Figure 3 and Figure 4 shows that the standard metrics (SSIM and NRMSE) are consistent in the choice of undersampling of 3X across training set size and loss function (SSIM and MSE). As expected these metrics slightly improved with training set size. Subjectively (Figure 5) and through the model observer results, the detection of signals did not seem to change much with training set and loss function.

In this work, the S-DOG percent correct had the first big drop between 2X and 3X undersampling just as the human observers⁷. This result is encouraging in pursuing the S-DOG as a potential model for predicting human performance in terms of the decision that would be made for how much to undersample.

In this study, four observers carried out 200 2-AFC trials for the 3x acceleration for each of the 4 combinations of SSIM and MSE Loss and the small and large training set.
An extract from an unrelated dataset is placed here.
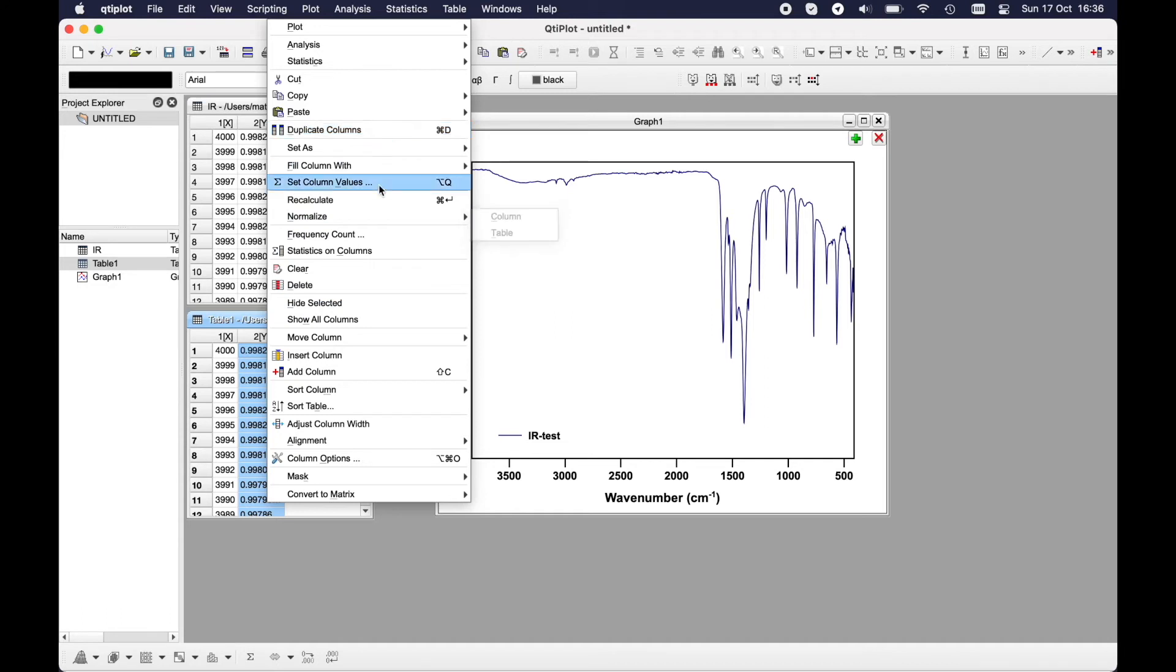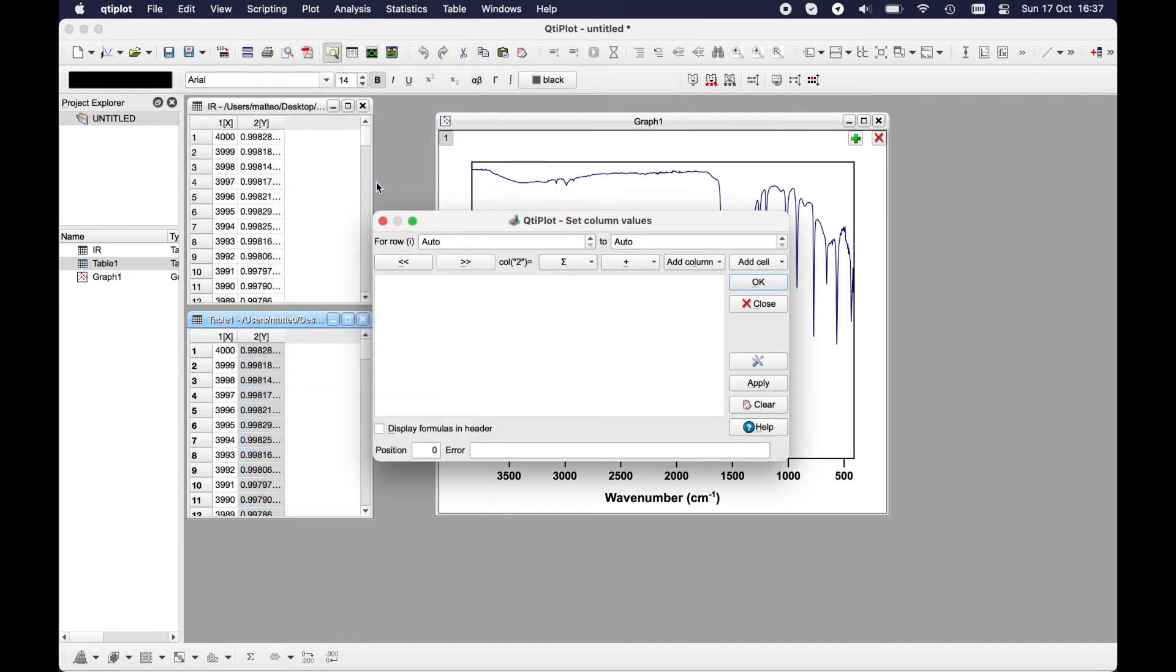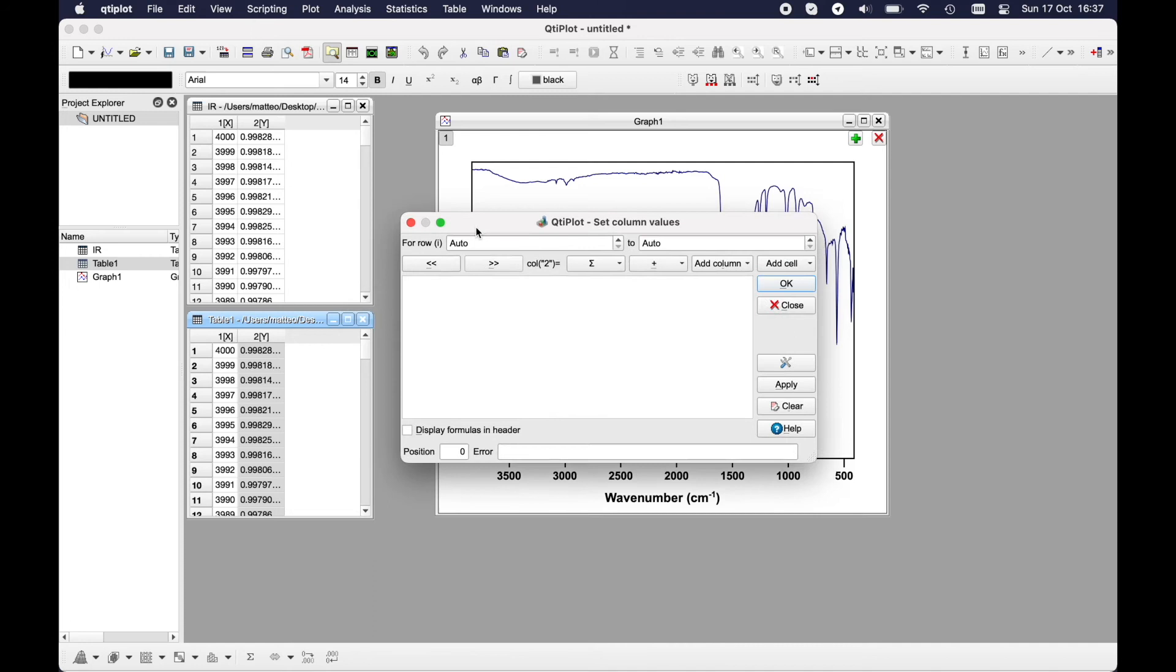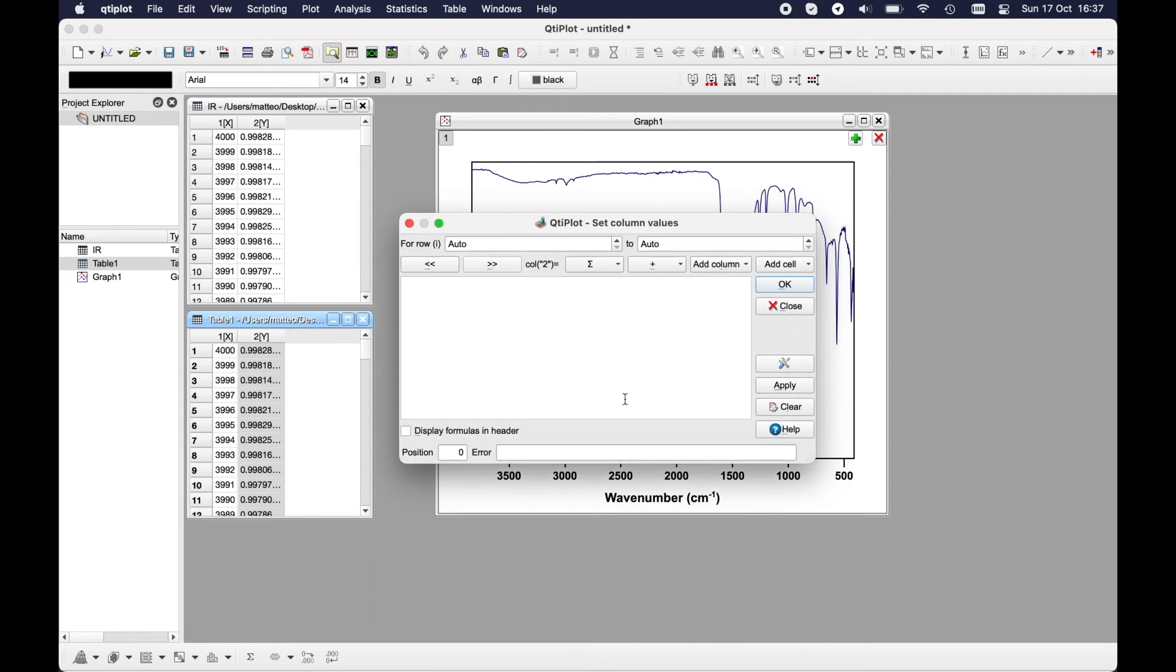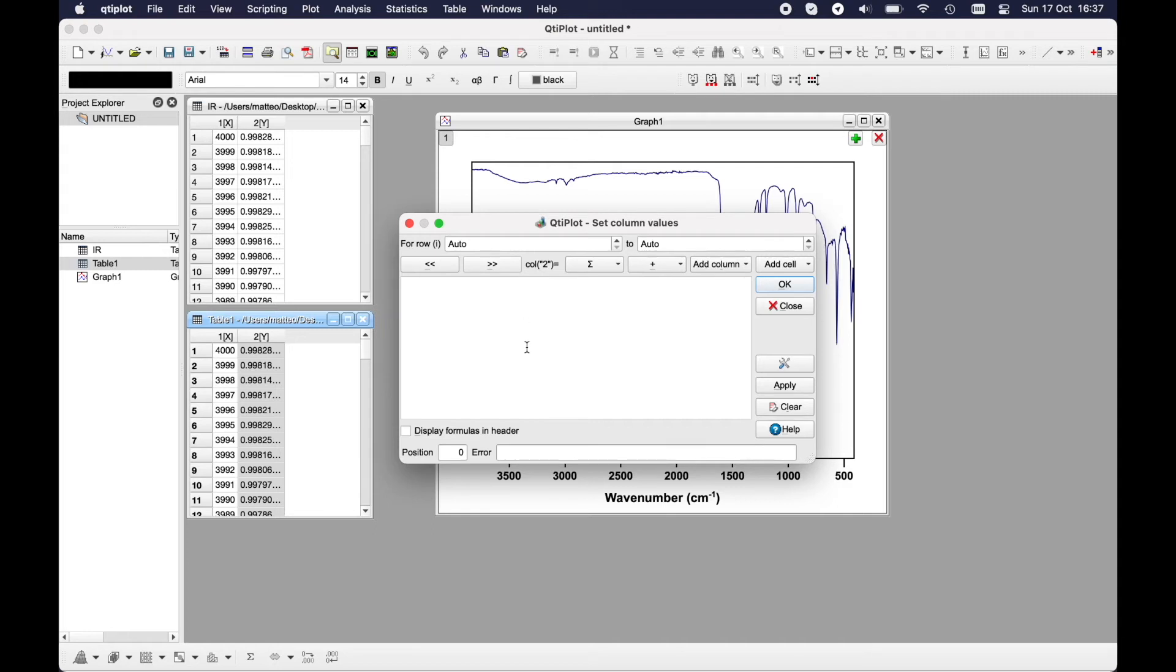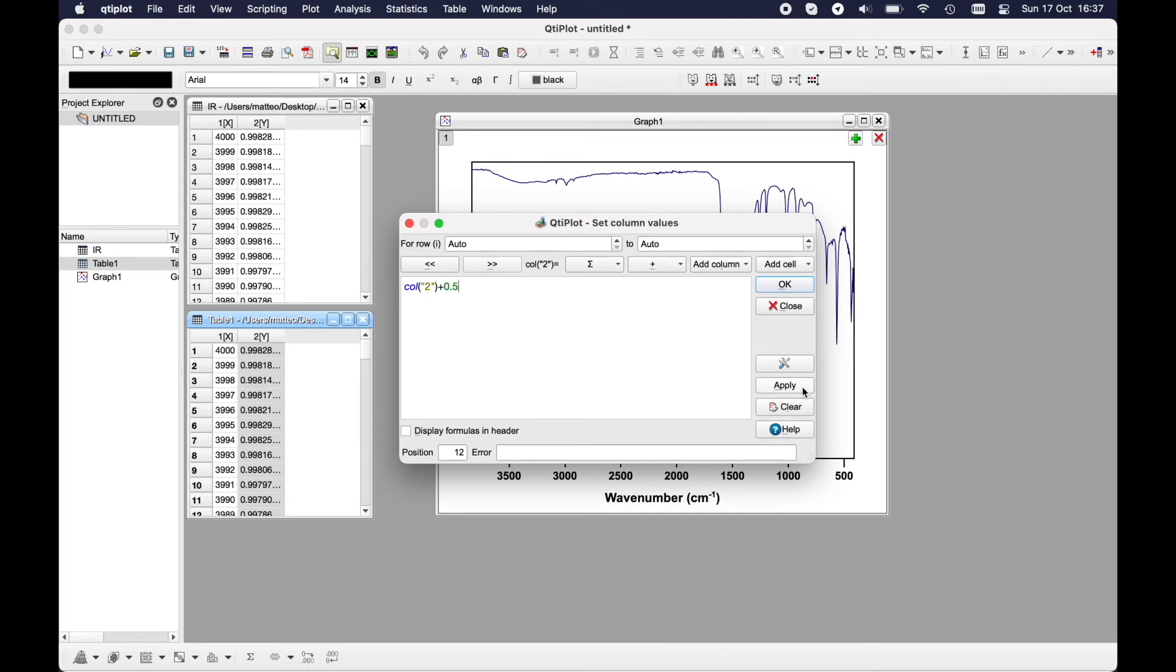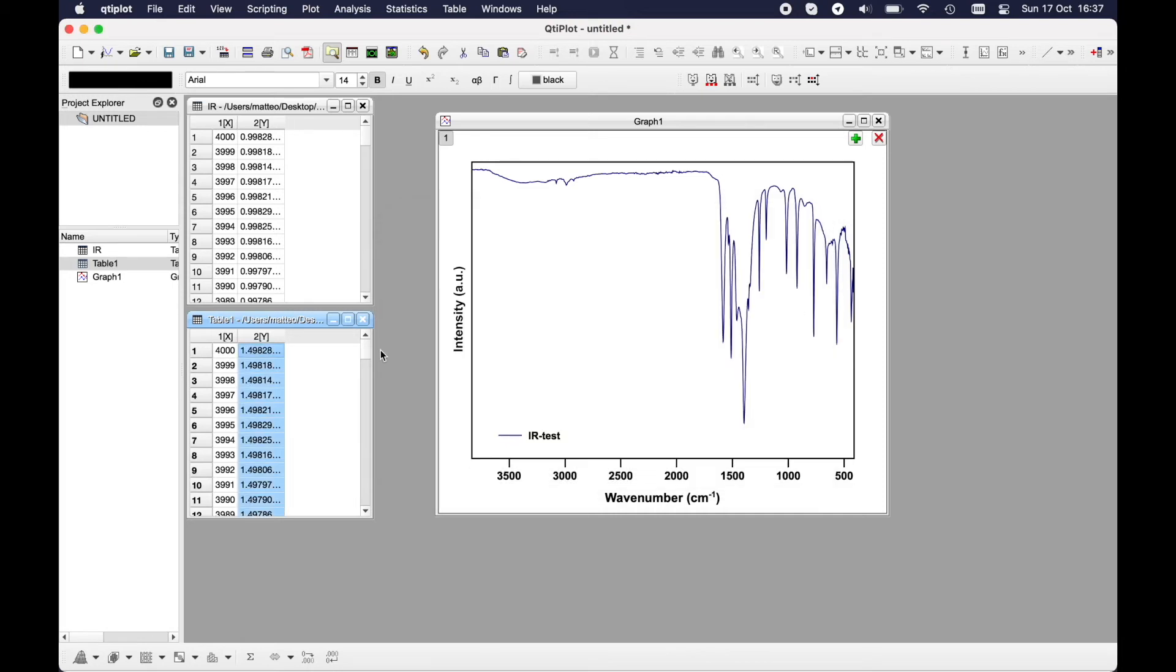Then you would like to put it here but above this spectrum. It's very easy. You have just to go here and go to Set Column Values. Here you will have the possibility to apply equations on this column. I will put it on column 2, so column 2 will be summed with 0.5. Apply and close.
The average human percent correct remained fairly constant for all conditions (0.79,0.80,0.83,0.79) with the slightly higher value for the small data set with the MSE loss. A limitation of the S-DOG is that it is linear. If humans are doing non-linear processing in the detection task, it would not be able to model it. This may be one of the reasons why the S-DOG did not match the human results quantitatively since the performance of the S-DOG without internal noise (it’s highest performance) was below the average human performance. Exploration of other model observers⁸ is part of our future work.

Conclusion

For the U-Net that we studied, the S-DOG model observer would choose the same undersampling as the human observers. We also found that increasing the training set size or varying the loss function between MSE and SSIM did not affect the choice of undersampling when using the SSIM and NRMSE metrics which would choose a higher undersampling than the human observers or the S-DOG model.

Acknowledgements

We acknowledge support from NIH R15-EB029172, the Manhattan College Faculty Development Grant and the Kakos Center for Scientific Computing. The authors also thank Dr. Krishna S. Nayak, and Dr. Craig K. Abbey for their helpful insights.